Enable H100 in CMake (with A100 parameters) #804

RMeli · 2024-06-14T08:14:58Z

Tested with Spack.

dbcsr@develop +cuda cuda_arch=90

-- GPU target architecture: H100
-- Kernel parameters: A100
-- GPU architecture number: 90
-- GPU profiling enabled: OFF
-- GPU aware MPI enabled: OFF

dbcsr@develop +cuda cuda_arch=80

-- GPU target architecture: A100
-- Kernel parameters: A100
-- GPU architecture number: 80
-- GPU profiling enabled: OFF
-- GPU aware MPI enabled: OFF

for more information, see https://pre-commit.ci

hfp · 2024-06-14T08:30:29Z

LGTM aka best effort.

hfp · 2024-06-14T08:37:50Z

( Let's pretend B100/200 has limited audience ;-)

alazzaro · 2024-06-14T09:06:32Z

Sorry to repeat myself (see #656), with these changes we are ruining the entire idea of autotuning...
The last "extensive" autotuning was done for P100 (Daint) and V100. These are about 74100 kernels.

Then @dev-zero and @mkrack did for A100, with about the same number of kernels.

@mtaillefumier did for Mi100, but with much less kernels (412 kernels), and I did repeat the same kernels optimization for Mi250.

Now, unless there is something which prevents us on running the autotuning on H100 (or any new generation), I would not consider the option to re-use previous kernels. Fine if you are doing in CP2K (just like @hfp did, see cp2k/cp2k#3368), but this is not an option for DBCSR.

My current idea is to introduce a "General" kernel and show in the output a (*) for the kernels that they are not using it. Still, people should use autotuning and contribute to the kernels to get the "best" performance.

Of course, there is also the possibility of dropping the entire autotuning and keep the A100 kernels for any new GPU generation (including the default kernel). Do we have any measure that said that A100 are good enough for H100?

abussy · 2024-06-14T09:32:32Z

The main issue with tuning for H100 is the following. Running the auto-tuning framework based on the A100 is trivial: it works, and we have done so as part of testing CP2K on Alps. The problem arises with the ML predicting framework, where I was not able to finish the procedure.

As a result, we either have a handful of H100 tuned kernels, or a much more complete set of A100 (tuned + predicted) kernels. I like the latter option better.

hfp · 2024-06-14T09:37:34Z

Prediction code is rapidly aging and we have this issue hanging since quite some time.

alazzaro · 2024-06-14T09:42:07Z

The main issue with tuning for H100 is the following. Running the auto-tuning framework based on the A100 is trivial: it works, and we have done so as part of testing CP2K on Alps. The problem arises with the ML predicting framework, where I was not able to finish the procedure.

As a result, we either have a handful of H100 tuned kernels, or a much more complete set of A100 (tuned + predicted) kernels.
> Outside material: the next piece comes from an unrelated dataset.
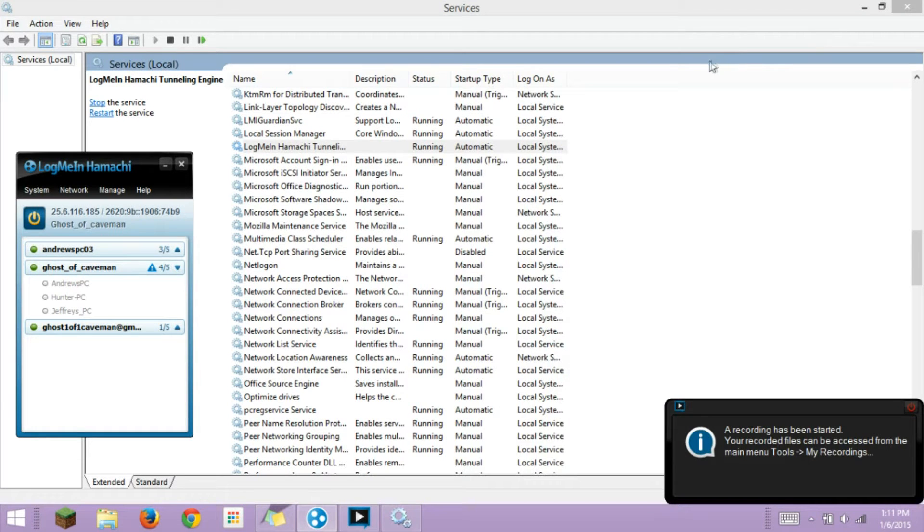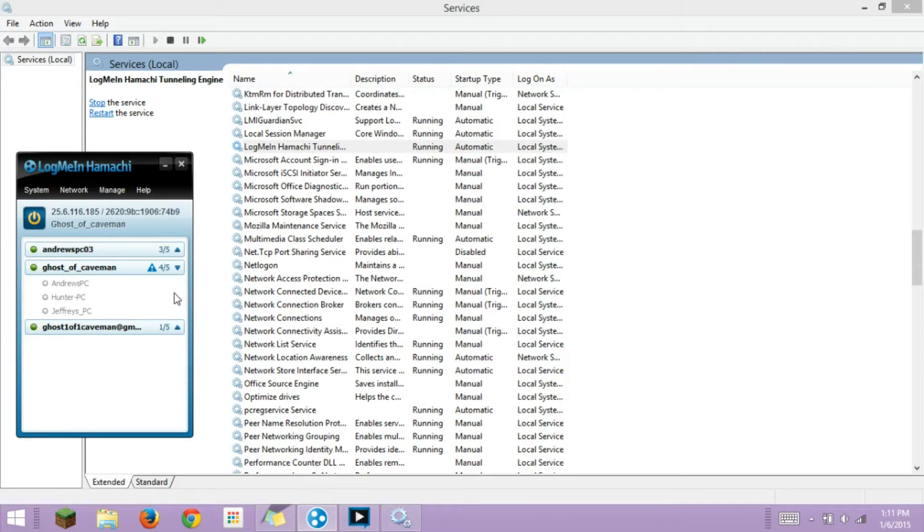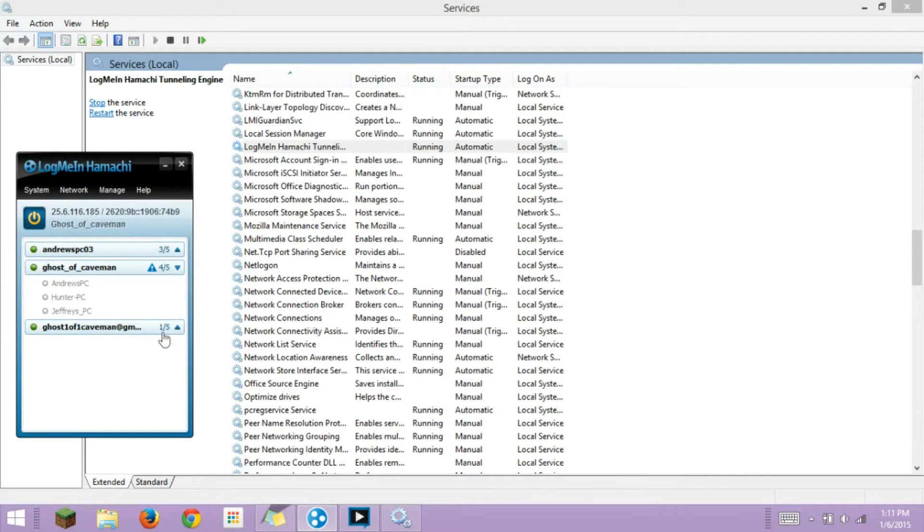In this video, I'll show you how to fix the error where it says tunneling engine next to the person's name. I'm going to show you how to fix it right now.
I like the latter option better.

You don't need the ML prediction, that is a "fast" solution. Personally, I have never tried it. Note that @mkrack did not use it for A100 kernels.

RMeli · 2024-06-14T09:44:22Z

Sorry to repeat myself (see #656), with these changes we are ruining the entire idea of autotuning...

I totally agree with this, and that's why I marked is a TODO. However, I must have misunderstood our discussion at PASC24.

Now, unless there is something which prevents us on running the autotuning on H100 (or any new generation), I would not consider the option to re-use previous kernels.

As mentioned at PASC24, we tried to run auto-tuning for GH200 at CSCS but it is not clear to us who is actually responsible of contributing the kernels and checking that everything is in order. I was under the impression that you were about to get access to H100.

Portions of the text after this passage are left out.